It became one of America’s most famous racing teams but never in their wildest dreams did actor Paul Newman and cigar chomping entrepreneur Carl Haas believe the level of success their partnership would deliver.
In late 1982 Newman and Haas founded their eponymous team and the following year it began competing in the CART championship.
Australian fans would come to know the enterprise, which used a factory in Lincolnshire,Illinois as its base, a lot more intimately when CART first ran a race on the streets of Surfers Paradise in 1991.
While John Andretti won that maiden CART race in Australia for Jim Hall’s VDS team it did not take long for Newman-Haas to find success in Australia’s tourist playground.
In 1993 Newman-Haas managed to pull off one of motor racing’s great coups when they signed Nigel Mansell fresh from delivering his crushing win in the previous year’s F1 World Championship.
Mansell mania hit Surfers Paradise like a tidal wave with thousands of expat Brits cramming the track, faces and bodies squashed against barriers craning for a look, an autograph, a chat with their Nige.
Surfers Paradise was the opening race of the season and the world’s motor racing press arrived in droves – a large contingent being specialist F1 journalists who were keen to see how a grand prix champion would stack up in a new environment of less technically adept IndyCars.
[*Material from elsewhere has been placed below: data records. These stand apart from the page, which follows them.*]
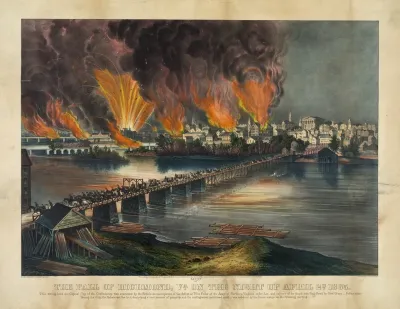 The Fall Of Richmond Va On The Night Of April 2d 1865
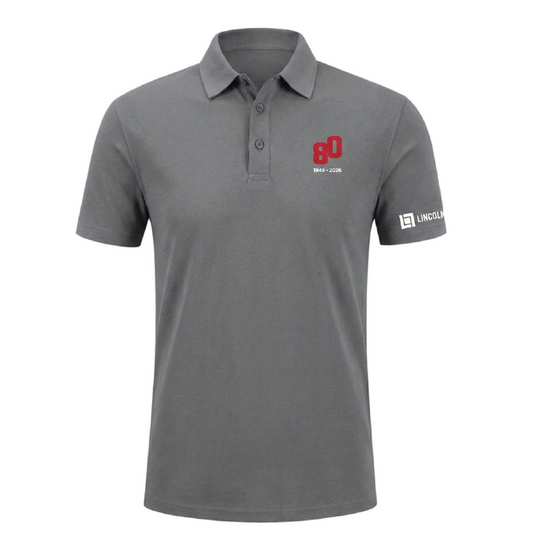 LINCOLN TECH CAMPUS 80TH ANNIVERSARY Hi Performance Mesh Men's Polo - STEEL GREY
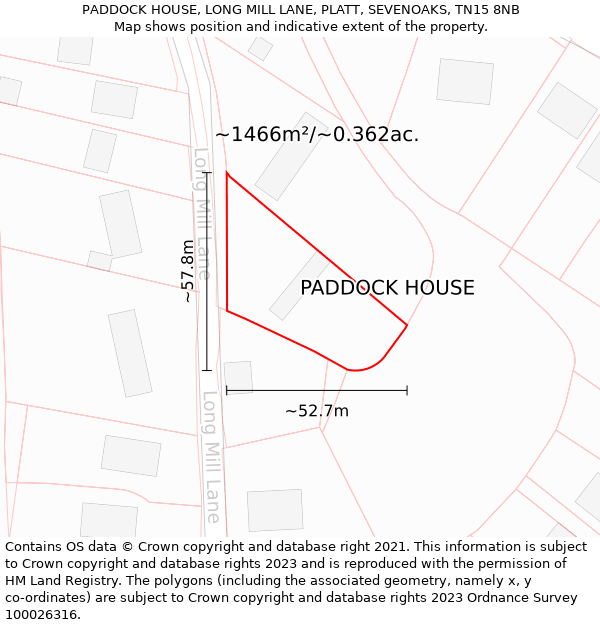 PADDOCK HOUSE, LONG MILL LANE, PLATT, SEVENOAKS, TN15 8NB: Plot and title map
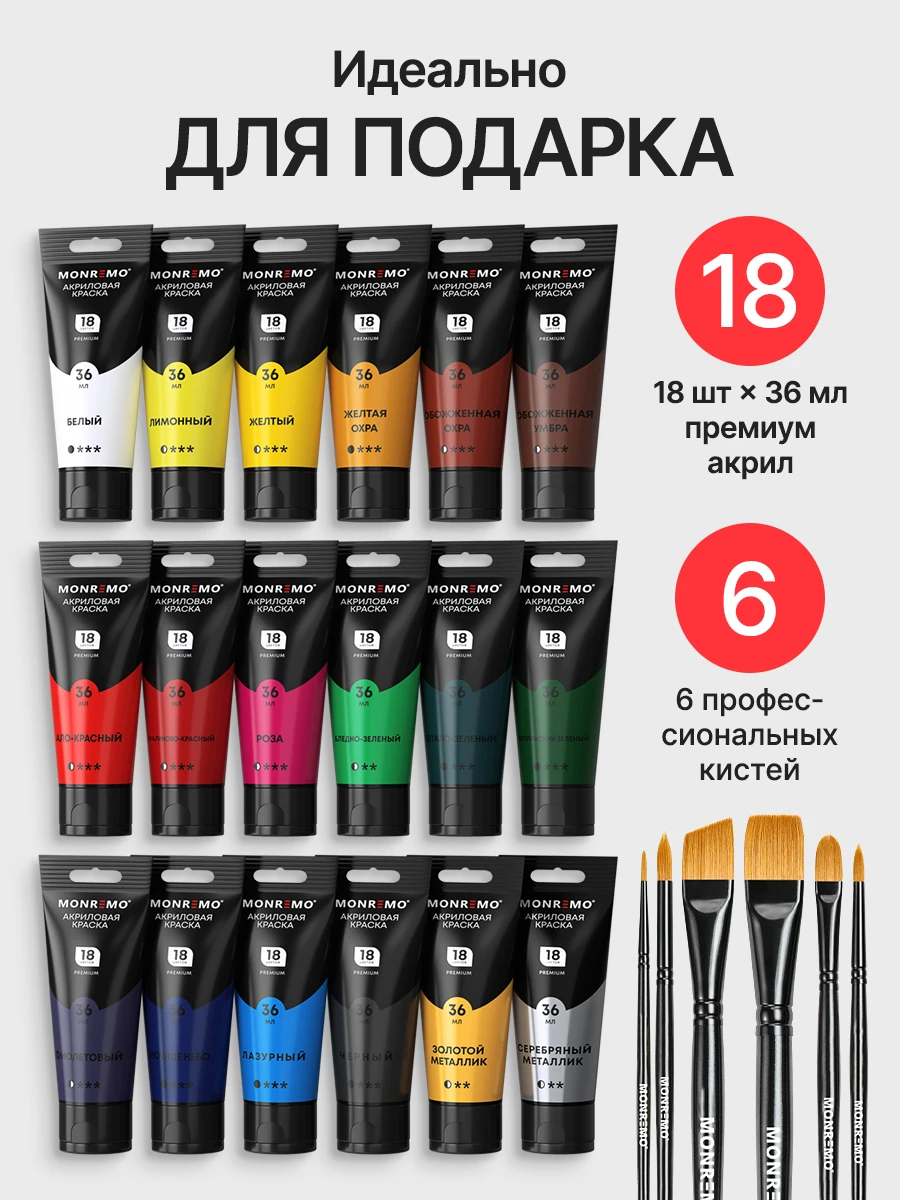 Комплектация MONREMO: 18 акриловых красок по 36 мл и 6 кистей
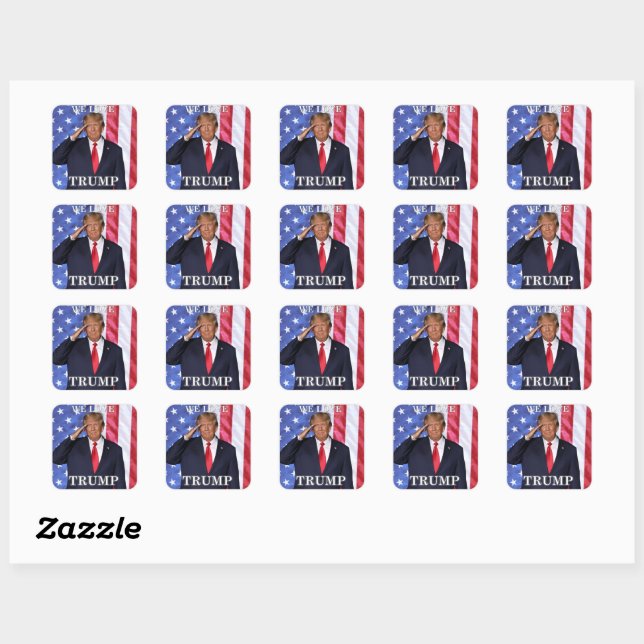 Petits autocollants "We Love Trump" (Feuille)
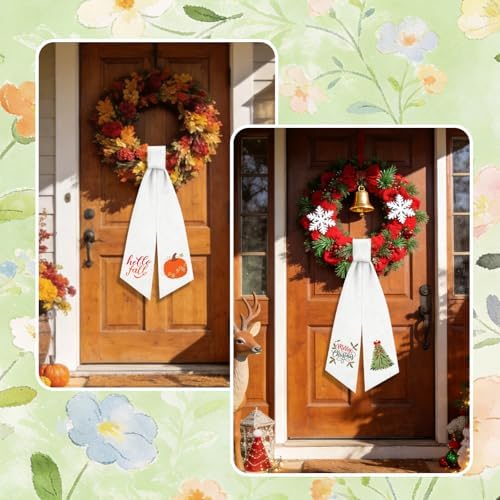 12 Pcs Seasonal Wreath Sash for Front Door Embroidery Ribbon Sash Christmas Fall Gift Holiday for Yard Porch Doorway Decor Indoor Outdoor - Image 4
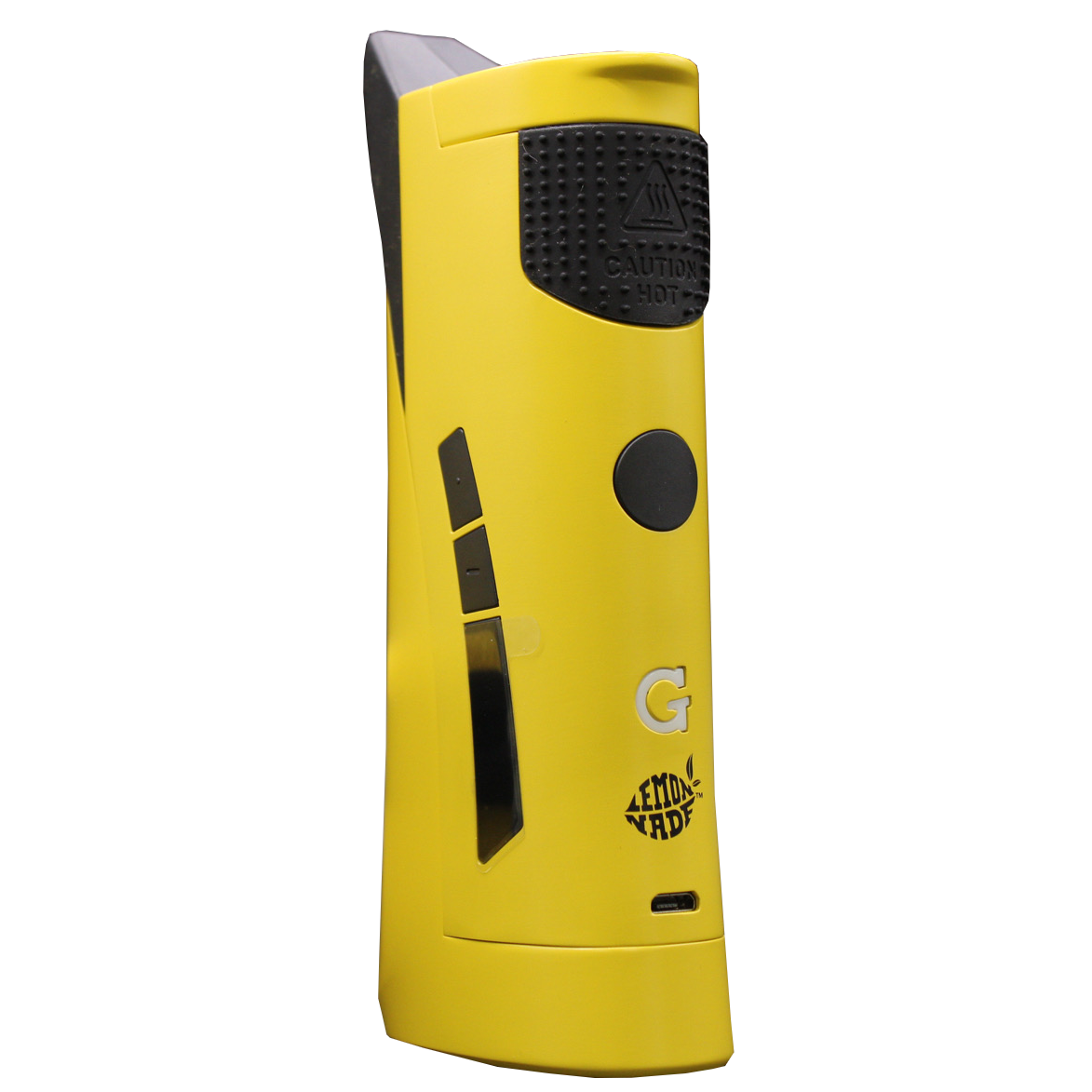 front view of the G pen roam vaporizer. Made with desktop concentrate vape performance in a portable form for ease of use and in a yellow color scheme collaboration with lemonnade.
Mansell had taken the seat of Michael Andretti who switched to what would be a less than successful and short-lived career in F1 with McLaren while the Briton’s team-mate was Michael’s dad, the incomparable Mario Andretti.
Newman-Haas put up an impenetrable barrier around Mansell for the duration of the event with the team’s no bulls..t PR Michael Knight effectively blocking anyone without a “secret service” level clearance from speaking with Mansell let alone interviewing him.
Qualifying day arrived and signalled Mansell’s moment of truth and he stunned many experienced Indy and F1 racing identities by putting his Ford Cosworth-powered Lola on pole on debut in a masterful transformation to these heavy yet blindingly quick Indy machines.
The next day Mansell prevented the great Emerson Fittipaldi from winning back-to-back Gold Coast Indy races by storming to a victory and thus becoming the first “rookie” (of sorts) to clinch pole and win on debut.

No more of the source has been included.